Le collectif Moebius a mis en scène et en musique cette 5e édition avec le défi d'interpréter cette notion de l'infiniment grand à l'infiniment petit. Il lui a paru alors évident de puiser l'inspiration dans le livre S, M, L, XL de l'un des plus célébres architectes de notre époque, Rem Koolhaas qui a su introduire magistralement cette question. 

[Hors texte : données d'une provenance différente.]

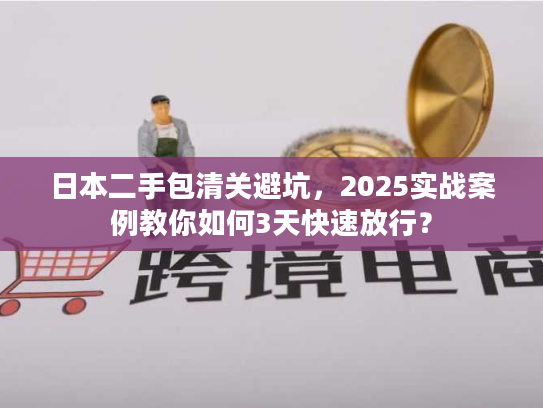 日本二手包清关避坑，2025实战案例教你如何3天快速放行？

L'échelle "spatiale" que Rem Koolhaas manipule à travers son ouvrage lui permet de distinguer les différentes formes de l'architecture en les catégorisant à travers son ouvrage lui permet de distinguer les différentes formes de l'architecture en les catégorisant à travers une codification vestimentaire. En partant de cette notion d'échelle qui relève plutôt d'une représentation spatiale (labo spatial SMLXL), l'objectif à travers les différents labos est de démontrer que cette échelle spatiale n'est pas la seule façon de représenter l'espace architectural mais qu'au contraire, d'autres échelles relèvent d'autres domaines et dépassent le champ propre de l'architecture : échelles de la temporalité, de l'appartenance religieuse, économique, culturelle, géographique, visuelle, sociale ou historique...

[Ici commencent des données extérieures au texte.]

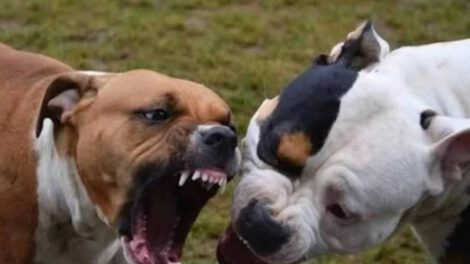 Eutanasia pitbulls Potosí tras ataque a otros perros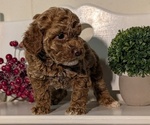 Small Photo #18 Poodle (Miniature) Puppy For Sale in GOSHEN, IN, USA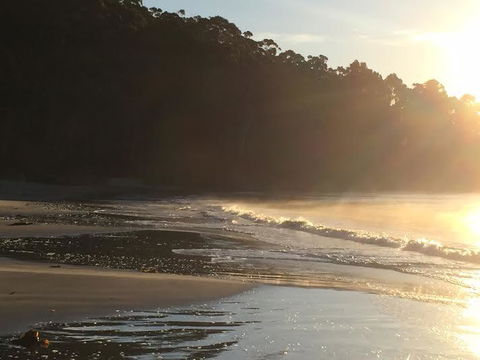 Summertime Cottage - Accommodation Rockhampton 7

Ainsi, les échelles S, M, L, XL relèvent d'une ambuiguité car elles dépendent de l'échelle ou de la mesure que l'on adopte. De la même façon, la notion de "grandeur" ("Biguess"), que Rem Koolhaas énonce dans son livre New York Delire, "dépend" de la réalité imposée ou décidée dans laquelle on se situe. La notion de grandeur n'a pas la même signification métaphorique dans le traité de Vitruve, pour les architectes du XVIIIe siècle, pour Le Corbusier arrivant à Manhattan ou encore pour Rem Koolhaas construisant Eurolille : la notion du "grand" ne peut être détachée des conditions historiques et culturelles dans lesquelles elle advient.  Puisant dans cet univers de références qui va de l'oeuvre de Palladio à l'ouvrage S, M, L, XL de l'architecte Rem Koolhaas, le collectif Moebius a imaginé et conçu une trentaine de "labo's" ludiques et éphémères qui sont autant d'ateliers pédagogiques permettant d'expérimenter l'architecture à toutes les échelles. Toute l'école d'architecture de Nancy a été ainsi mise en scène de manière unique et surprenante pour proposer au public une journée exceptionnelle d'éducation artistique et culturelle. 
 

Mise en bouche de la mise en scène 

 
 

Autour du thème S, M, L, XL, le fil conducteur des ateliers fut un matériau qui donne une couleur, une ambiance ou encore une texture bien identifiable au sein des installations. Ce matériau, le carton alvéolé, possède de nombreux atouts : il est bon marché (comparé à d'autres matériaux comme le bois, le métal ou le plastique), écologique, recyclable, flexible, rigide, léger et autoportrait. Matériau chaleureux et contrastant avec les couleurs et matières déjà présentes au sein de l'école mais aussi très polyvalent, le carton alvéolé a été décliné dans différentes utilisations et sous différentes formes dans les containers du parvis, du hall, de la médiathèque et au sein des différents "labo's" afin de créer des lieux d'intervention.